Trade Balance and Portfolio Theorie of Exchange Rates: A Graphic Illustration

Although exchange rate theory has made substantial advances in recent years with the portfolio or asset market approach, even now many students still find themselves confronted with textbooks and lectures with choose, at least as a point of departure, the traditional exchange rate explanation using the familiar supply/demand diagram used for the goods markets. This flow approach was gradually displaced with the introduction of portfolio theory by an asset-holding approach to exchange rate explanation. The latter requires that at all times the exchange rates assume a level at which economic entities are still just prepared to hold assets in various currencies.
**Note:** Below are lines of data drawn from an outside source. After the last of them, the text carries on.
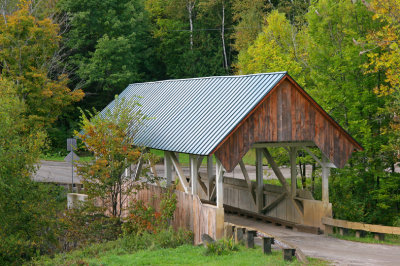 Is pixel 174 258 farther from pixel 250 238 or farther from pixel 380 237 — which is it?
pixel 380 237

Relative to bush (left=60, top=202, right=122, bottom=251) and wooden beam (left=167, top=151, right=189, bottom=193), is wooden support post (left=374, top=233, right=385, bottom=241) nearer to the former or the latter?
wooden beam (left=167, top=151, right=189, bottom=193)

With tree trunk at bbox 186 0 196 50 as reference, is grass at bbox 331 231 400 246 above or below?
below

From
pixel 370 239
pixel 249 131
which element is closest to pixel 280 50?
pixel 249 131

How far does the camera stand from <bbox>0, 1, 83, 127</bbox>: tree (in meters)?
34.8

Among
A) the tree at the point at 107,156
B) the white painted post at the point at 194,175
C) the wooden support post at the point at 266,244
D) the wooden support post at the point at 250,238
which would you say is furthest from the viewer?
the tree at the point at 107,156

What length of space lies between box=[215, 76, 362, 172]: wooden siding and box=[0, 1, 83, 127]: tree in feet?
60.0

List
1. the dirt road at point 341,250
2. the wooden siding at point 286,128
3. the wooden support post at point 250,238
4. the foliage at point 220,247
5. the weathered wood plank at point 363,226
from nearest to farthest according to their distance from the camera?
the dirt road at point 341,250 < the foliage at point 220,247 < the wooden support post at point 250,238 < the weathered wood plank at point 363,226 < the wooden siding at point 286,128

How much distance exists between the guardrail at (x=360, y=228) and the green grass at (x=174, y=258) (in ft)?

That on this basis trade flows are in many instances unjustifiably neglected has been demonstrated in a diversity of research studies. The object of the present essay is to explain the exchange rate-determining role of the trade balance within the framework of the portfolio approach in the simplest possible, didactically easily accessible manner. Since a trade balance disequilibrium leaves the offers of assets in the currencies involved unaffected, any exchange rate change must be attributed to shifts in the demand for assets. The latter may occur because an unsquared trade balance may be connected with asset redistributions between home and abroad. The decisive factor for the exchange rate is the currency form in which it is desired to build up or reduce assets at home and abroad. The usual exchange rate reaction to a trade balance disequilibrium occurs when – at the original exchange rate – people at home and abroad have a preference to execute the great majority of asset changes in their own currency. This result can be derived in a simple manner with a graphic presentation. Graph analysis also seems to make it evident that with other preference constellations an abnormal reaction of the exchange rates is possible.